The effort passed in the House during the last session of Congress, but faces not only a Republican filibuster attempt in the Senate that would require 60 votes to overcome, but also divided opinions on the issue within the Democratic Party.

"The filibuster is just a procedural issue about whether debate ends and it proceeds to a vote," said Paul Strauss, the non-voting senator for D.C. "So obviously, if you don't get past the filibuster, you don't get a vote, but in order to get the vote you need 51 votes. Do we have 51 votes today? I can't with confidence, say that we do. We know we've got at least 40."

Senate Minority Leader Mitch McConnell has previously slammed such legislation.

"They want to pack the Supreme Court with liberals intent on eroding our constitutional rights," he said last summer. "And they want to codify all this by making the swamp itself — Washington, D.C. — America's 51st state. With two more liberal senators we cannot undo the damage they've done."
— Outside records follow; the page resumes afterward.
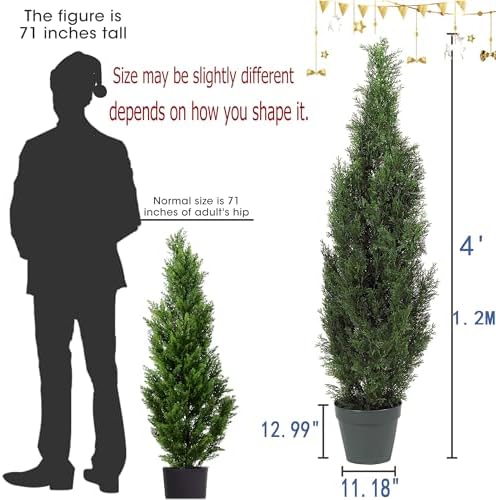 Elegant Outdoor Cedar Topiaries
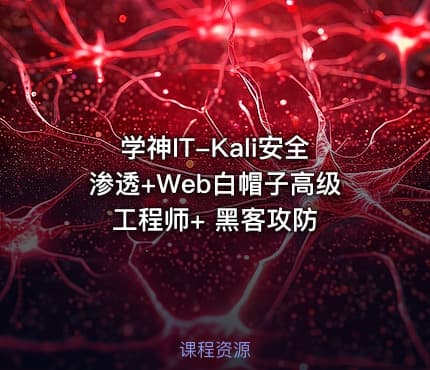 学神IT-Kali安全渗透+Web白帽子高级工程师+ 黑客攻防
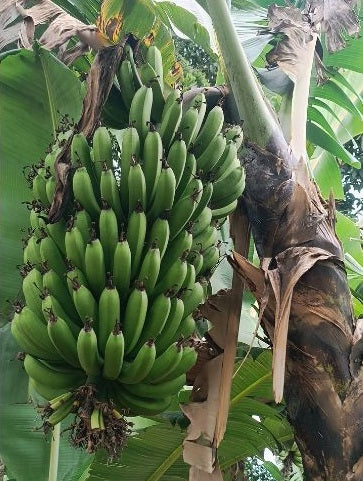 Banana per bunch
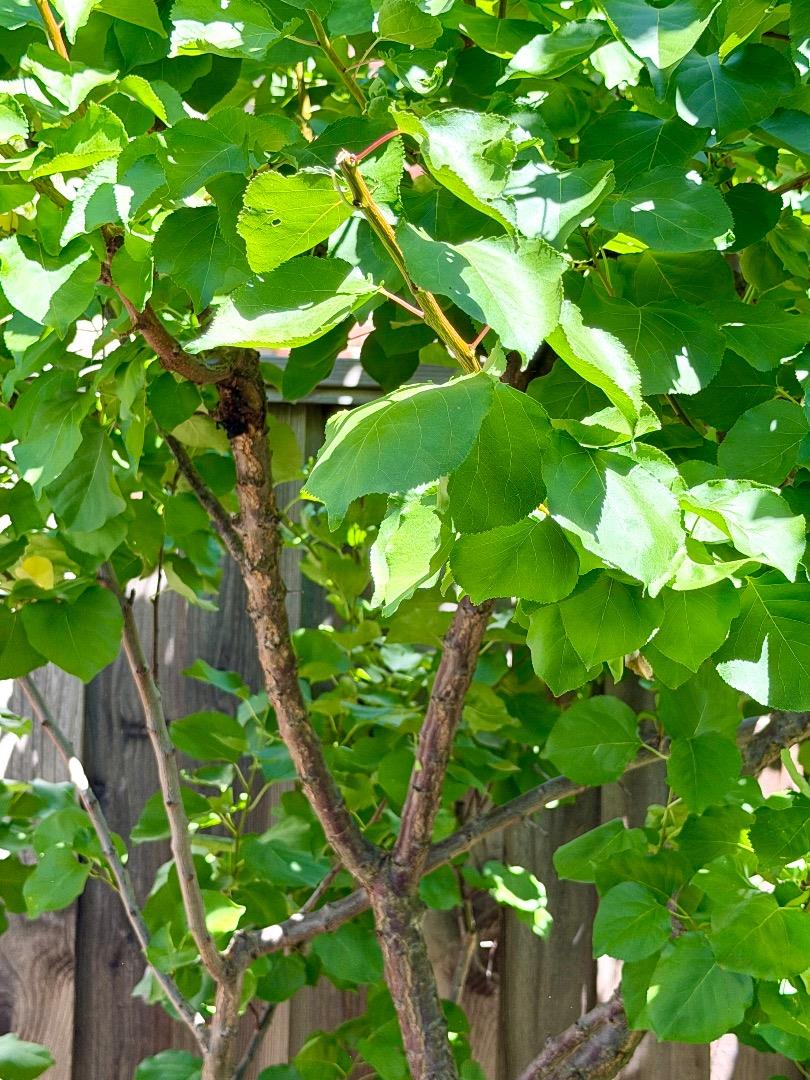 Property photo 35
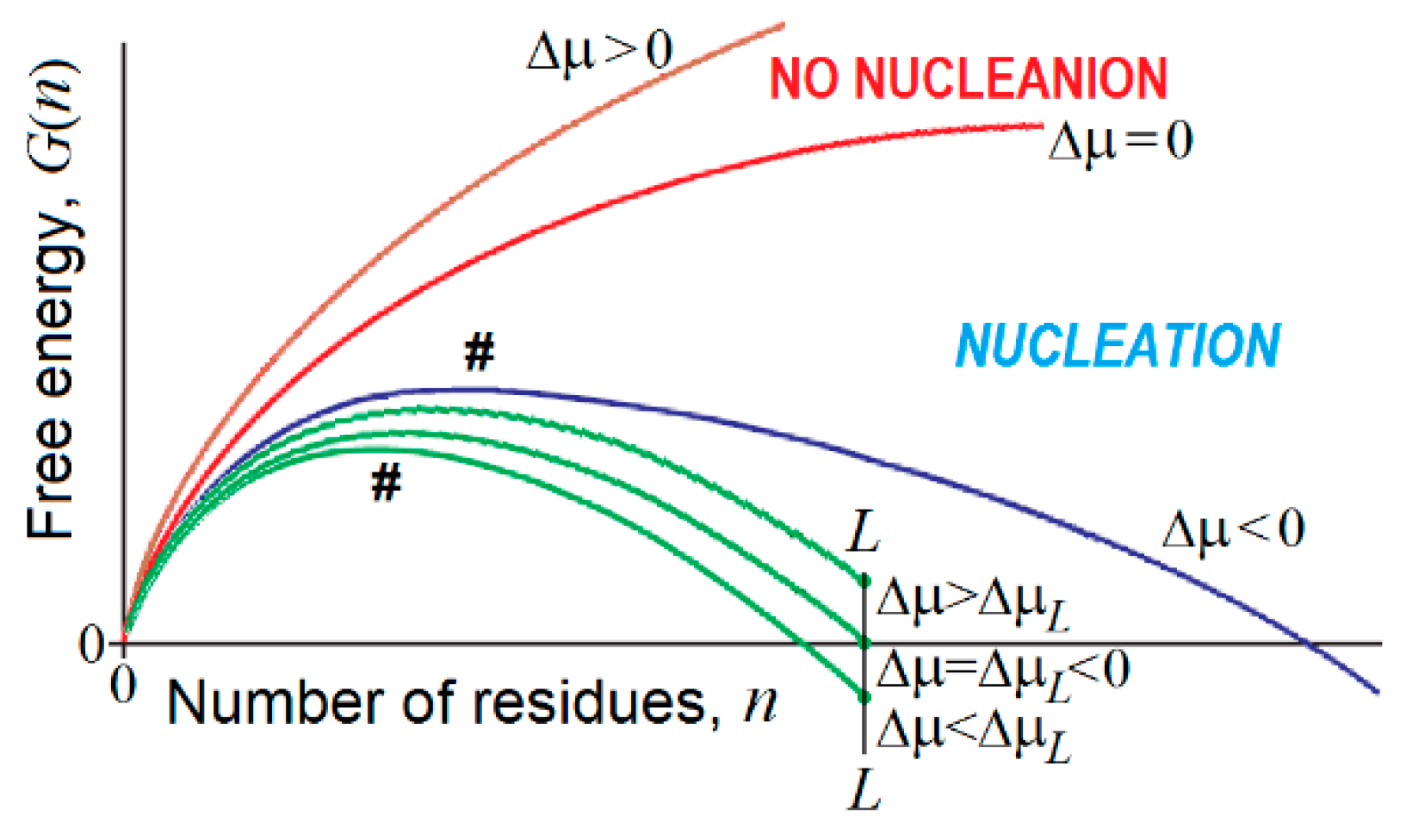 Biomolecules 09 00842 g005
Sen. Steve Daines (R-MT) also argued last year that the majority of Americans are against statehood for D.C.

Meanwhile, Republican Rep. Dusty Johnson (SD) has reintroduced a measure that would give most of D.C. back to Maryland. The city was originally created by America's founding fathers as a neutral space for the seat of federal government, ensuring no single state had more power over others.

Rep. Norton criticized Johnson's initiative, saying "a huge majority of D.C. residents (86%) voted for statehood in a 2016 referendum."